When we first found out we were having triplets I was consumed with worry.  Would they be premature? Would they have life-long medical problems as a result? Would they have to spend months and months in the NICU?

I knew the statistics and the likelihood that my triplets would spend time in the NICU after birth.  I assumed I would not be bringing them home with me when I left the hospital like I did with my other two children.  However, I still hoped that they would defy the odds and that they would be healthy enough to avoid the NICU altogether after they were born.

When they were born at 32 weeks gestation (8 weeks early) I knew we would be in the NICU.  I did not know the extent of any potential issues.  We were very fortunate that they only spent two and a half weeks in the hospital's Neonatal Intensive Care Unity.  This seems like a short period of time, however I was not prepared for how emotionally difficult their hospital stay would be for all of us.

We had a 3 year old and a 1 year old when our triplets were born.  Our older two children still needed us and our triplets needed us.  It was so hard to feel that we weren't there for any of them the way we wanted to be. 

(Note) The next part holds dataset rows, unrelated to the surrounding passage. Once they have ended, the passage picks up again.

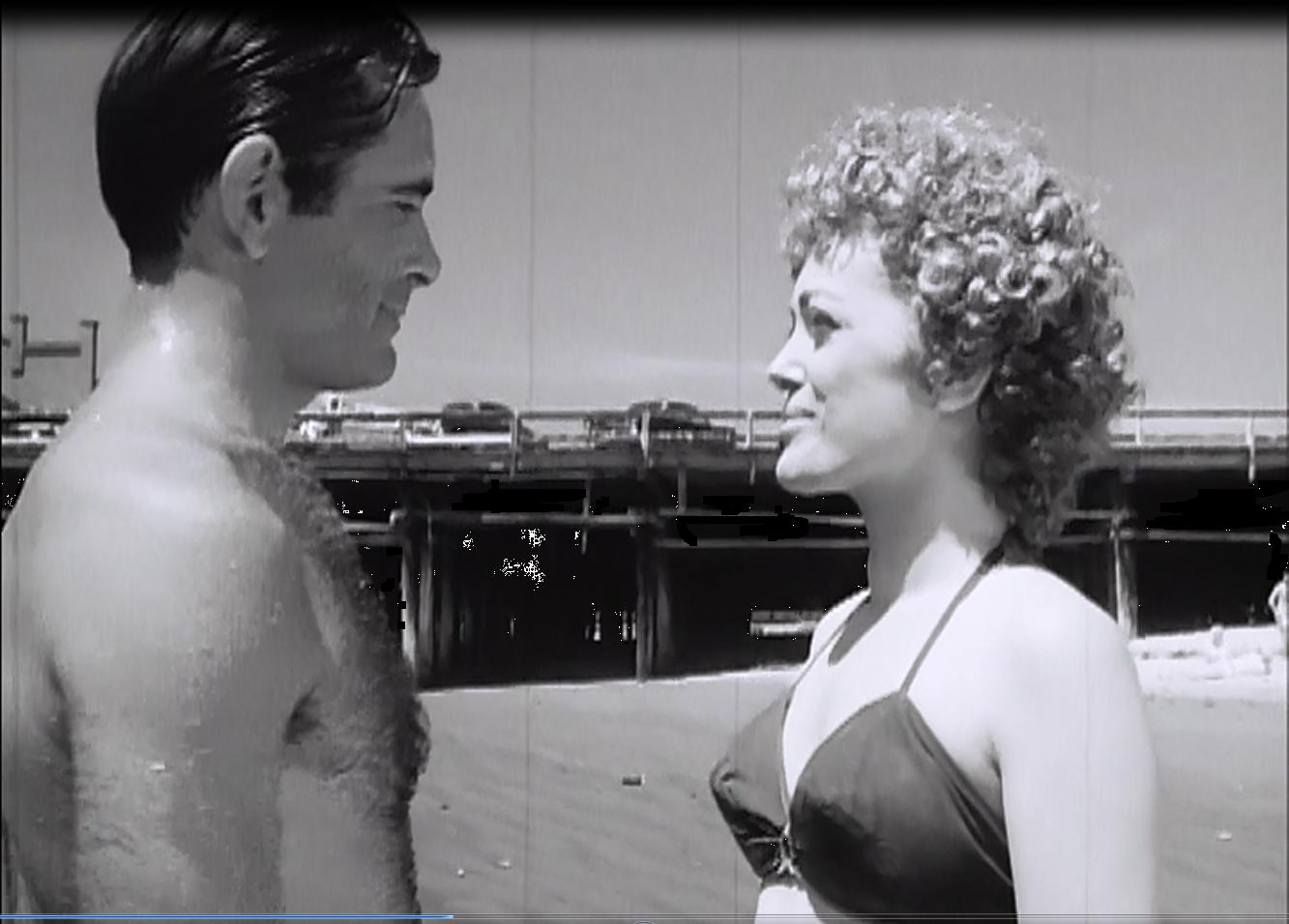 dennis barandica like rue mcclanahan nude photo anthony azul recommends rue mcclanahan nude pic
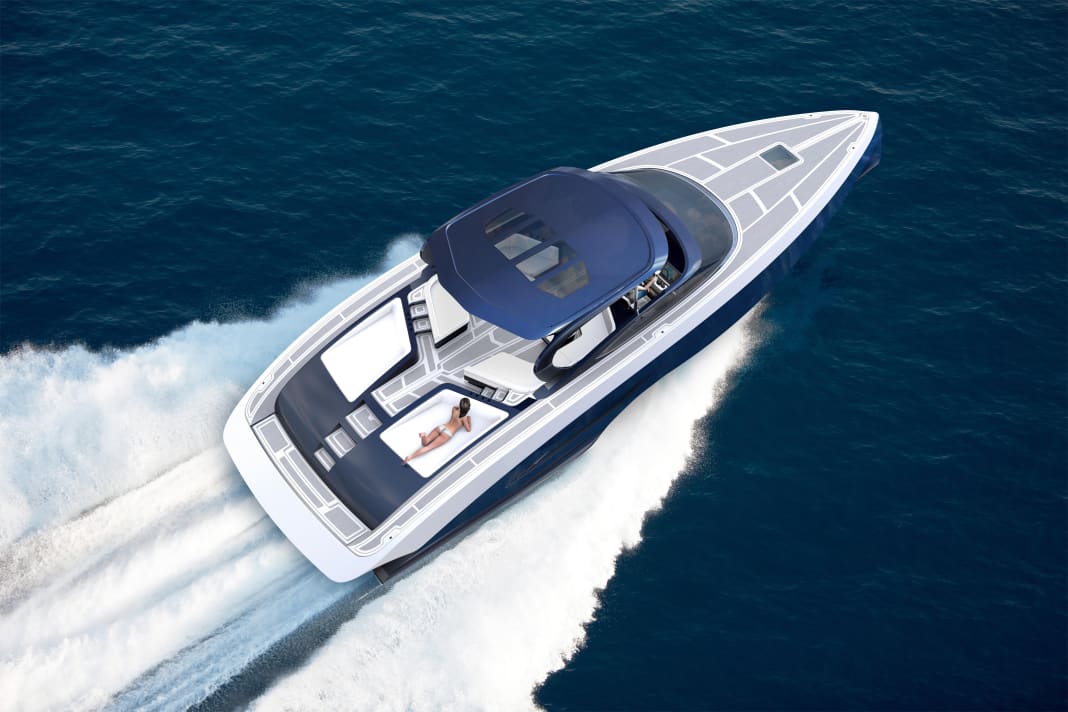 PJ63 Sport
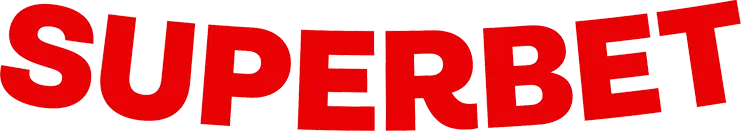 Superbet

I didn't anticipate how hard it would be to leave the hospital without my beautiful newborns.  I knew how blessed we were that our triplets were healthy and steadily adjusting to the outside world.  I knew they were receiving the most amazing care at our local hospital. I also saw so many other parents struggling with months of potential hospital stays ahead of them.  Some not as fortunate as we were to be bringing their babies home at all.

That being said, those days spent in the NICU were physically and emotionally exhausting.   I would sneak out of the house in the morning with my one year old crying at the window (and I would be crying driving away).  I would rush in and feed each baby and spend some quality time with each of them.  I would then rush back to my two older children to spend time with them before rushing back for the triplets next feeding. It was such a draining cycle and I always felt tremendous guilt leaving one for the other.

We had the most amazing care while our babies were in the hospital.  The doctors, nurses and staff were unbelievably supportive.  However, there were still those moments where it felt as if our babies were never going to be able to come home with us.  Their constant ups and downs were so emotionally draining.  

My hope is that by donating something as small as a hair bow we can provide some small ray of sunshine in an otherwise stressful time of living daily life in the NICU.